CVE-2025-50048

Vulnerability

Overview The Automatically Hierarchic Categories in Menu WordPress plugin, versions up to and including 2.0.9, is vulnerable to Stored Cross-Site Scripting (XSS) due to improper neutralization of user input during web page generation [1]. This allows an attacker with sufficient privileges to inject arbitrary web scripts or HTML into the plugin's output, which then gets stored and executed when other users (including site visitors) access the affected page [1].

Exploitation and

Attack Surface Exploitation requires a user with at least contributor-level privileges or higher, as the vulnerable functionality is tied to menu management features. The attacker can craft a payload that, once saved, will be executed in the browsers of other users—including site visitors—who view pages where the hierarchic categories menu is rendered. The vulnerability is part of a broader pattern of XSS issues that can be used in mass-exploit campaigns targeting WordPress sites [1].

Impact

A successful attack allows the malicious actor to execute arbitrary scripts in the context of the victim's browser.

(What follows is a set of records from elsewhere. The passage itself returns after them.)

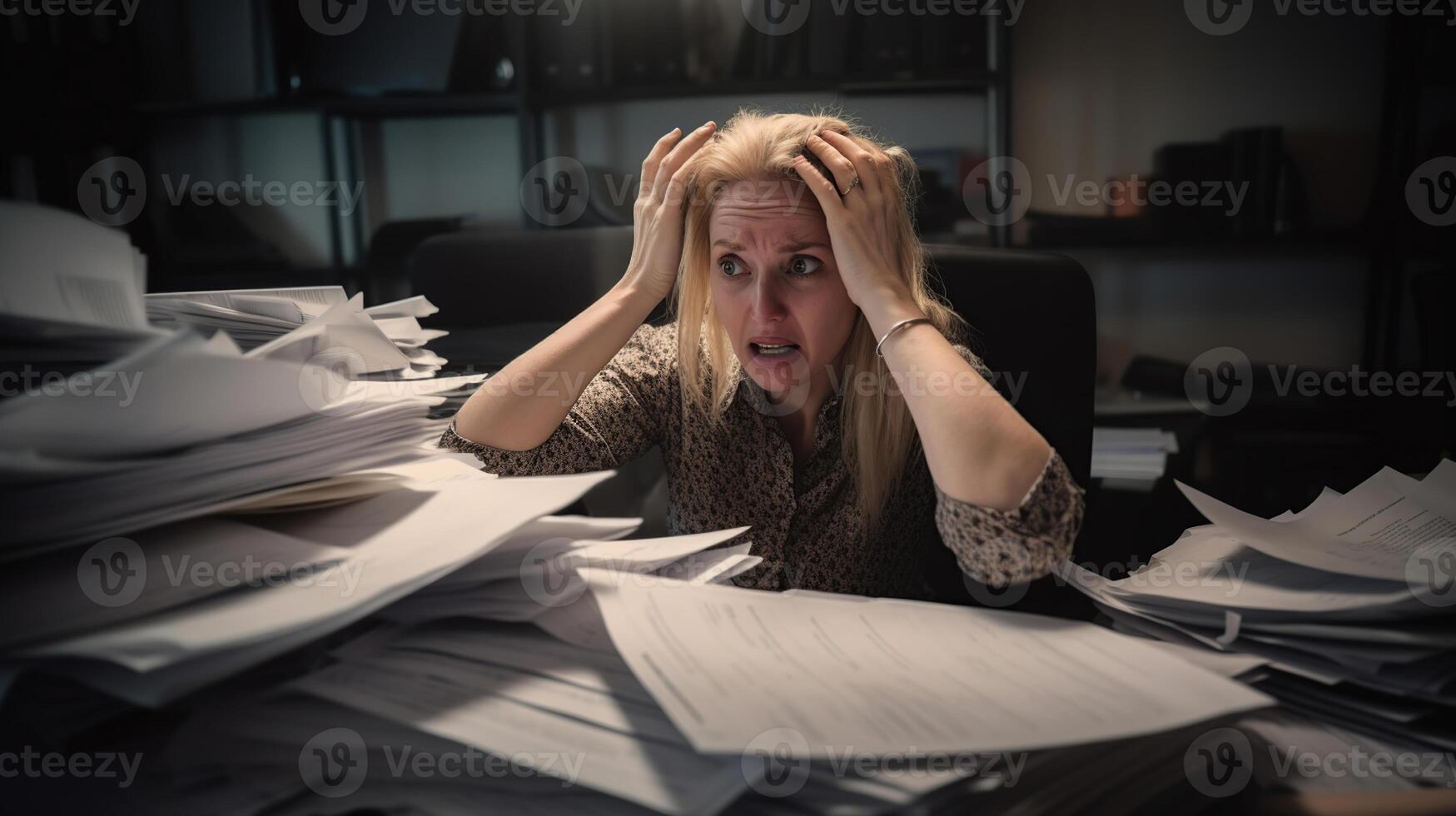 desesperado oficina trabajador abrumado con papeleo, ella retenida su cabeza con el manos, generativo ai foto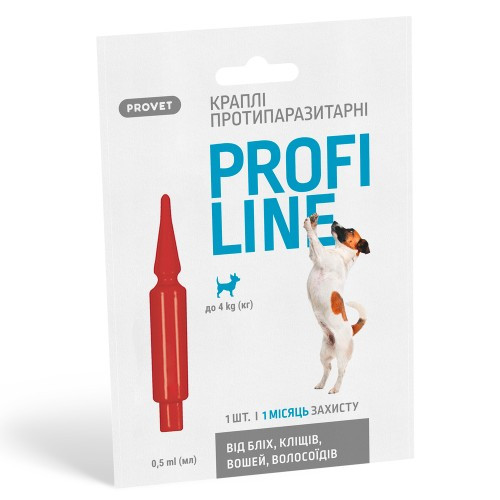 Краплі Provet PROFILINE для собак до 4 кг інсектоакарицид 1 піпетка по 0,5 мл Київ - фото 1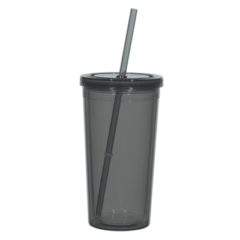 Double Wall Acrylic Tumbler With Straw – 24 oz - 5868_trans_charcoal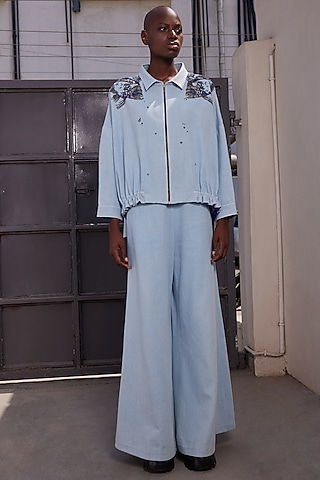 Light Blue Thin Washed Denim Flared Pants by Shahin Mannan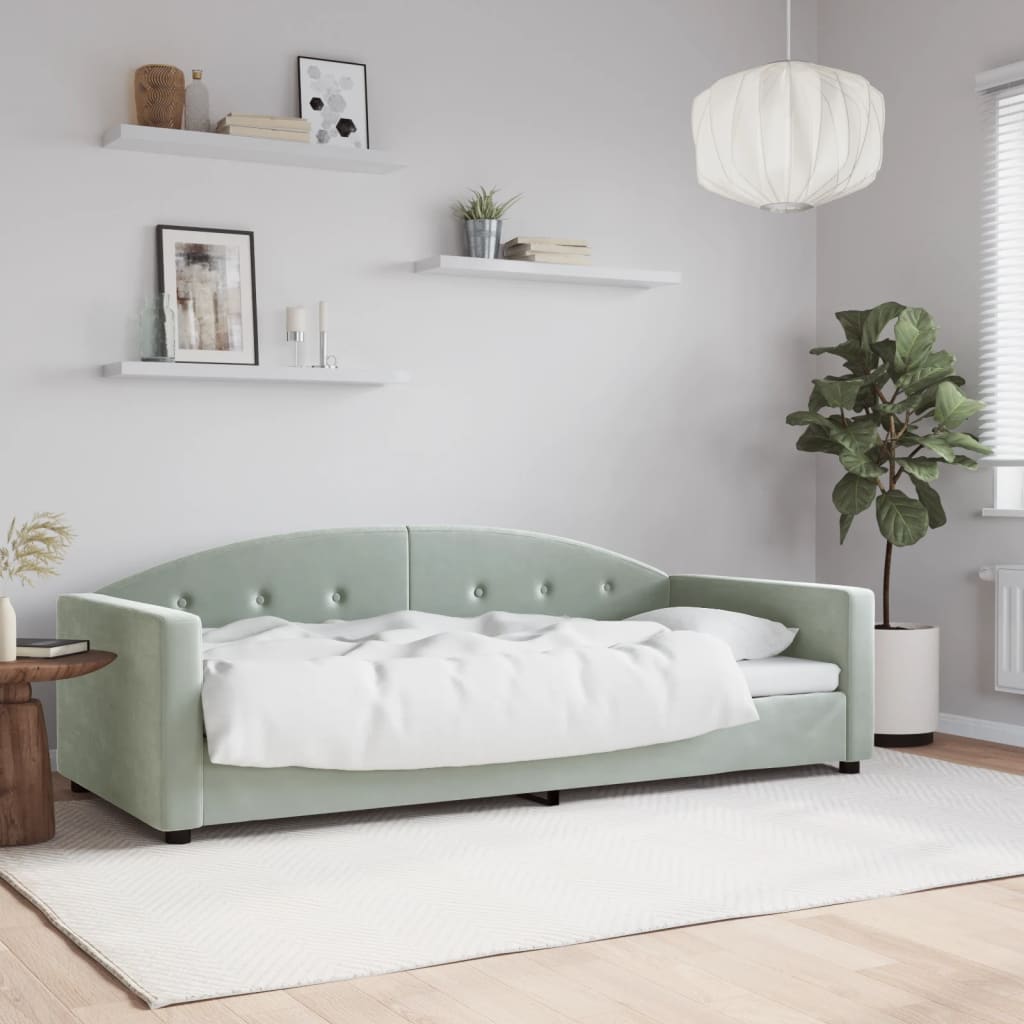 foto del prodotto letto da giorno grigio chiaro 90x200 cm in vellutocod mxl 105800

This can lead to session hijacking, redirection to malicious sites, defacement, or theft of sensitive information such as cookies or credentials. The CVSS v3 base score is 6.5 (Medium), reflecting the need for authenticated access but the potential for significant impact on confidentiality and integrity [1].

Mitigation

Users should update the Automatically Hierarchic Categories in Menu plugin to version 2.0.10 or later, which resolves the vulnerability [1]. As an immediate protective measure, administrators can also enable auto-updates for vulnerable plugins if using the Patchstack service [1]. No workaround other than disabling the plugin is recommended.